2. We have heard the learned counsel for the assessee and the learned departmental representative.
3. The facts are that vide assessment for the assessment year 1977-78 there was an unabsorbed loss of Rs. 28,204 which was ordered to be carried forward. While making assessment for the assessment year 1978-79, this loss was not carried forward and the assessee's total income was determined vide order dated 28-11-1979 at Rs. 64,490. The assessee moved an application dated 18-8-1983 under Section 154 claiming adjustment of the aforesaid loss and also interest under Section 243 on the resultant refund. The application was allowed vide order dated 27-8-1983 adjusting the said loss and the resultant refund was accordingly granted. The assessee's claim for interest under Section 243 was rejected on the ground that there was no delay in the issue of refund after the passing of the rectification order. The assessee moved an appeal before the AAC but failed.
4. The learned counsel for the assessee contended that under Section 243 interest is to be paid if the refund is not made within three months from the end of the month in which the total income is determined under the Act. According to him the total income was determined vide assessment order dated 28-11-1979 and, therefore, interest is permissible from 1-3-1980. The contention of the authorities below, on the other hand, was that the refund became due only after the rectification order dated 27-8-1983 and the resultant refund was granted without any delay whatsoever and, therefore, no interest is payable.
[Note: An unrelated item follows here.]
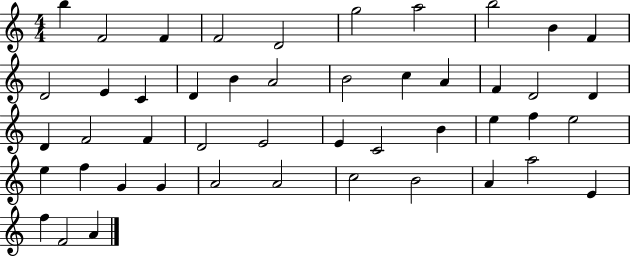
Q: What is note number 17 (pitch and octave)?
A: B4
5. No direct authority on [the respective interpretation has been cited from either side. The learned counsel for the assessee contended that the income is determined only by an assessment order and the assessment order in this case is dated 28-11-1979 and, therefore, even after the rectification the income would be deemed to have been determined only by the original assessment order. This contention does not appear to be correct. The power of rectification is an independent power and the order passed under Section 154 is appealable if it is prejudicial to the assessee. In S. Sankappa v. ITO  68 ITR 760, the Hon'ble Supreme Court has held that an order under Section 35 of the Indian Income-tax Act, 1922 (equivalent to the present Section 154) is a part of the assessment proceedings. Assessment has been defined under Section 2(8) of the Act and includes reassessment. Therefore, an order passed under Section 154 modifying an assessment is itself an assessment order and determines the assessee's total income. The refund, therefore, becomes due as a result of the order passed under Section 154 and it does not flow from the original order of assessment which in this case was passed on 28-11-1979. An assessee would, therefore, be entitled to interest on refund only if the refund was delayed after the passing of the order under Section 154 and the delay cannot be calculated with reference to the assessment order as it stood before the rectification. In our view, therefore, the authorities below were right in negativing the assessee's claim for interest.